Why are food startups drawing so much VC attention?

August 17, 20185 Minute Read

When you hear the words “venture capitalist,” you probably think of a moneyed Silicon Valley investor who funds startup tech companies, like Facebook and WhatsApp, right? You’re not wrong, but there’s more to the story now. VCs are expanding their portfolios beyond tech into the food world.

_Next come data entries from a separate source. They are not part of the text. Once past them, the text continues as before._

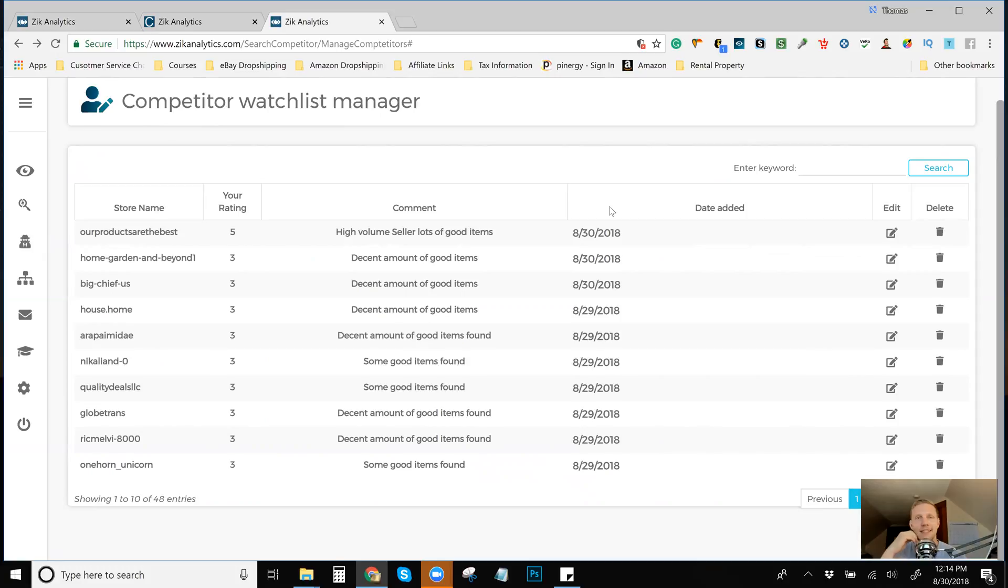I'll probably put in the description, a YouTube live with Mark from DS genie, which was so much fun. It was hilarious. If you guys haven't seen that, check that out. I'll put that in the description.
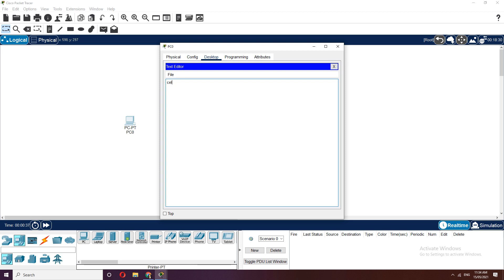The celsius variable will be set to an integer value using raw input. We're using raw_input here because in Python 2 they use raw_input — you can use input or raw_input. Let's pass the prompt 'Enter degree Celsius' and close the input, then wrap it with int() for the integer value.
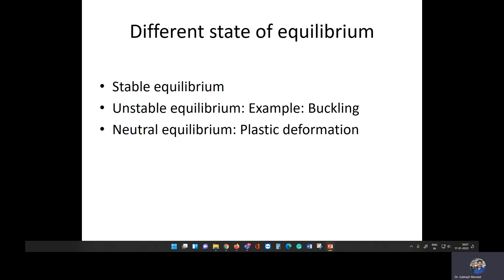The question is: what are the different states of equilibrium a structure can attain? The first is stable equilibrium. That means if the structure is subjected to deformation and we remove the load, the structure will attain the original position. For example, we have a simply supported beam and we apply some sort of load.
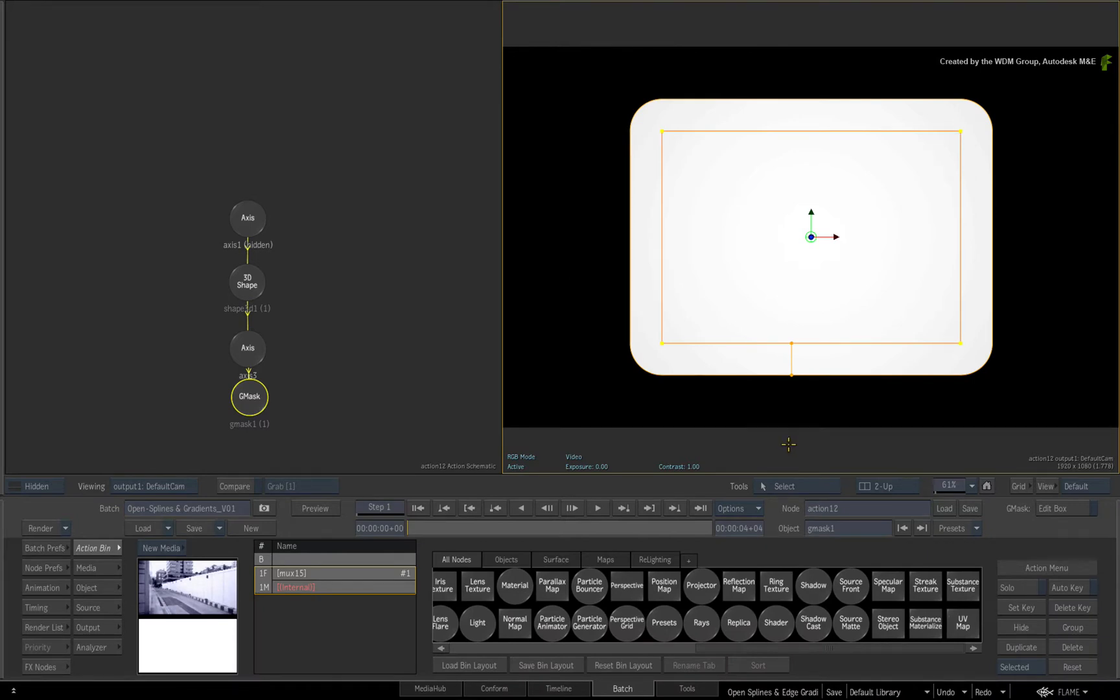When the edge gradient is on the outside of the closed shape, it will result in an expanded shape with round edges.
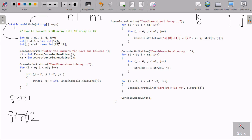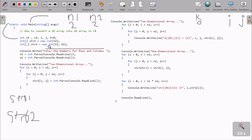We have str1 and str2 declared with size 12, meaning 12 rows and 12 columns. You can give any size you like - if you give 12, you can store 12 elements with 12 rows and 12 columns. Console.WriteLine displays the prompt to the screen. Whatever the user enters is received by n1 and n2 - if n1 is 2 and n2 is 2, we need to enter 4 total elements.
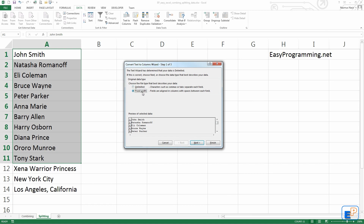Fixed Width, on the other hand, counts the number of characters and splits it. It's usually not practical with text when you're working with names like this, because no one has a fixed number of characters in any one name. But if you're working with database tables where they have the same amount of characters, then you can use this. Or if you're working with social security numbers and you want to specify a split between the first five and the last four digits, this is a good way to do this. But we'll stick with Delimited for now.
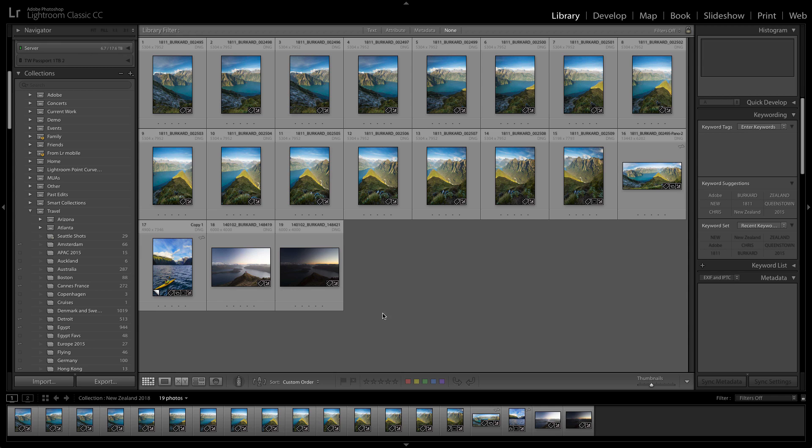Oftentimes when we're capturing landscape images, our human eye can see a higher dynamic range than our camera sensors can record.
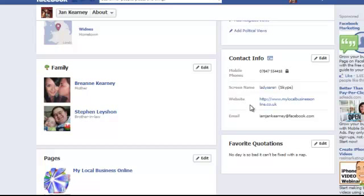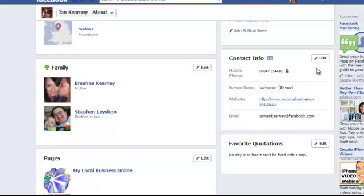As you can see, my email is iamjankearney@facebook.com, which I never even look at — if anyone contacted me on that, I probably wouldn't even realise. And obviously my contact info needs updating because this was done when I first set up my website. So to change that email, click on Edit.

Bold new food startups, like Hampton Creek and Suja Life, stand ready to disrupt their industries thanks to an infusion of cash and strategic support from the Valley. How did they manage to catch the eye of VCs? Innovation—pure and simple.

Disrupting how we eat

In our gluten-free, environmentally conscious age, it’s no surprise that VCs are interested in health-conscious food startups. But, as CB Insights reports, they’re also particularly attracted to startups that have the potential to disrupt a wide category of foods and industry models, not just a single vertical within the food and beverage space.

Think of it in terms of Uber, which began with ride-hailing but extended its reach into package delivery and food delivery—all while working on a fleet of autonomous cars that could reshape transportation and delivery in the future. VCs want to invest in food startups that have similarly ambitious plans to innovate beyond their initial domain and pioneer new markets altogether.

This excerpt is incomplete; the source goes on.